Dr. S. führt rechtzeitig Verwaltungsgerichtsbeschwerde. Er verlangt, dass die Verfügung des Vizepräsidenten wegen Verletzung
BGE 100 V 126 S. 127
des rechtlichen Gehörs (
Art. 4 BV
) aufgehoben und die Vernehmlassung der Invalidenversicherungs-Kommission seinem Klienten "ohne jede Auflage zur Einsichtnahme zugestellt werde". Paul Martin müsse sich gegen die Sozialversicherung wehren können und habe Anspruch darauf, von seinem Anwalt umfassend orientiert zu werden.
Die Rekurskommission nimmt wie folgt Stellung:
"
Art. 4 BV
erscheint jedenfalls dann nicht verletzt, wenn ein schützenswertes Interesse einer Einsichtnahme durch den Versicherten persönlich entgegensteht. Ein solches scheint dann vorhanden zu sein, wenn in dem strittigen Aktenstück Tatsachen oder Meinungsäusserungen wiedergegeben sind, die ihrer Natur nach dem Versicherten persönlich gegenüber geheimzuhalten sind. Hier kommen vorab in Betracht medizinische Angaben über Diagnose, Prognose - namentlich im Falle einer unheilbaren Krankheit -, aber auch die Schilderung eines Verhaltens bzw. von Äusserungen oder Willenserklärungen des Versicherten, die auf einen eventuellen Mangel an Arbeits- oder Eingliederungswillen schliessen lassen... Die Akten bieten nun ernsthafte Anhaltspunkte für die Annahme, dass ein solcher Fall hier vorliegt. Deshalb schien es... geboten, die Einsicht auf den Vertreter des Versicherten zu beschränken."
Das Bundesamt für Sozialversicherung beantragt, auf die Beschwerde nicht einzutreten. Ob die Verfügung ihres Vizepräsidenten zu bestätigen sei, könne die Rekurskommission ohne Nachteil für den Beschwerdeführer im Rahmen ihres Urteils entscheiden.

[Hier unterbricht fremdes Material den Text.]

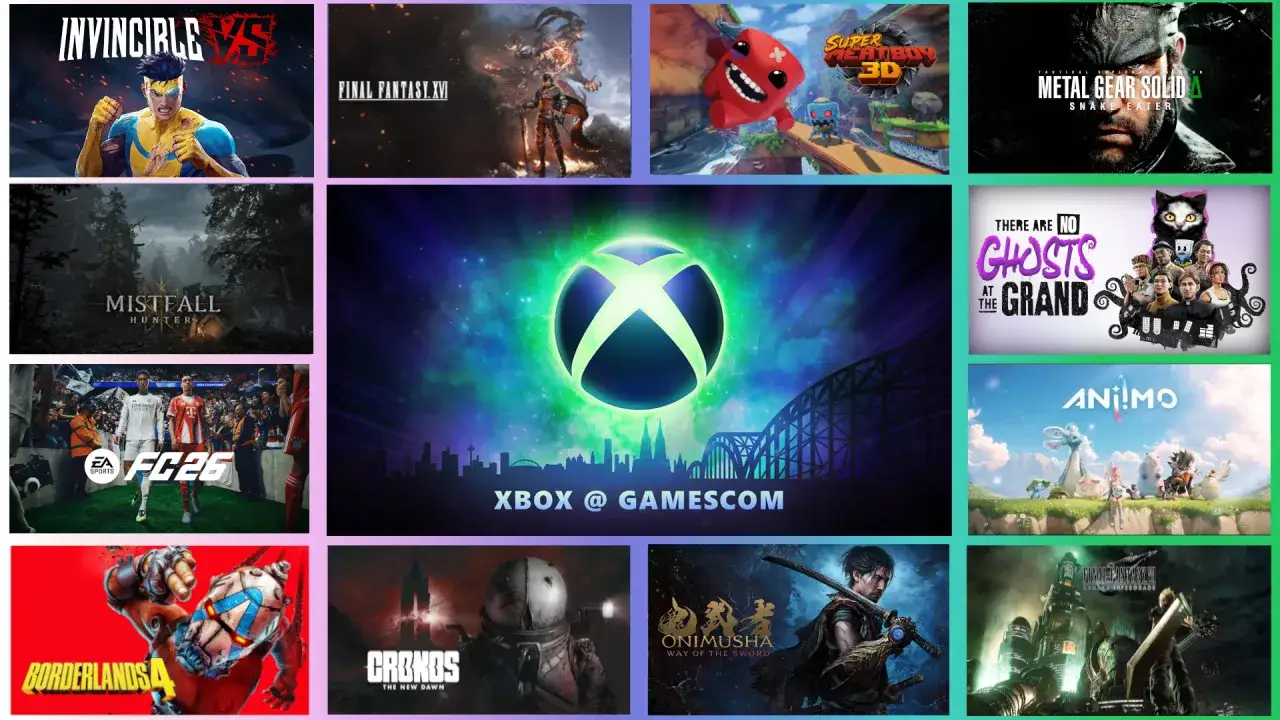 Cartelera de videojuegos con títulos como Invincible, Final Fantasy XVI y Metal Gear Solid, promocionando las conferencias de Gamescom.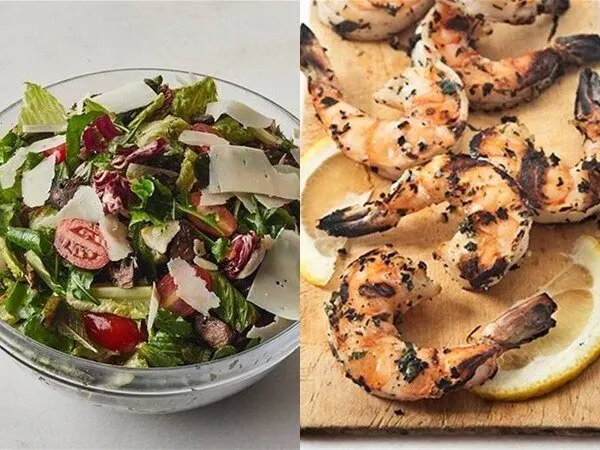 Italian Salad with Grilled Shrimp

Das Eidg. Versicherungsgericht zieht in Erwägung:
Verfahrensleitende oder andere Zwischenverfügungen sind nur dann selbständig durch Verwaltungsgerichtsbeschwerde anfechtbar, wenn sie einen nicht wiedergutzumachenden Nachteil bewirken können (Art. 45 Abs. 1 und 3 VwG;
BGE 98 V 116
Erw. 1).
Laut Präsidialverfügung der kantonalen Rekurskommission vom 15. März 1974 erhält der Anwalt des Beschwerdeführers die verlangte Einsicht in die Vernehmlassung der Invalidenversicherungs-Kommission vom 28. Januar 1974 nur "gegen Revers". Darnach soll sich Advokat Dr. S. verpflichten, seinem Klienten "keine Kenntnis vom Inhalt zu geben und in allfälligen Rechtsschriften nur allgemein darauf zu verweisen",
BGE 100 V 126 S. 128
wie am Schluss jener Vernehmlassung wörtlich ausgeführt ist.
Eine solche verfahrensrechtliche Verfügung hat für Paul Martin keinen nicht wiedergutzumachenden Nachteil zur Folge. Ob es mit
Art. 4 BV
vereinbar sei, die Einsicht in die Vernehmlassung der Invalidenversicherungs-Kommission dem Beschwerdeführer zu versagen und seinem Anwalt nur mit der erwähnten Auflage zu gestatten, kann ohne Rechtsnachteil für Paul Martin das Plenum der kantonalen Rekurskommission und, wenn dieses bejaht haben sollte, auf Verwaltungsgerichtsbeschwerde hin das Eidg. Versicherungsgericht entscheiden, wie das Bundesamt für Sozialversicherung zutreffend darlegt (
BGE 99 V 60
f.). Aus diesem Grunde ist die Verwaltungsgerichtsbeschwerde unzulässig und daher auf sie nicht einzutreten.
Demnach erkennt das Eidg. Versicherungsgericht:
Auf die Verwaltungsgerichtsbeschwerde wird nicht eingetreten.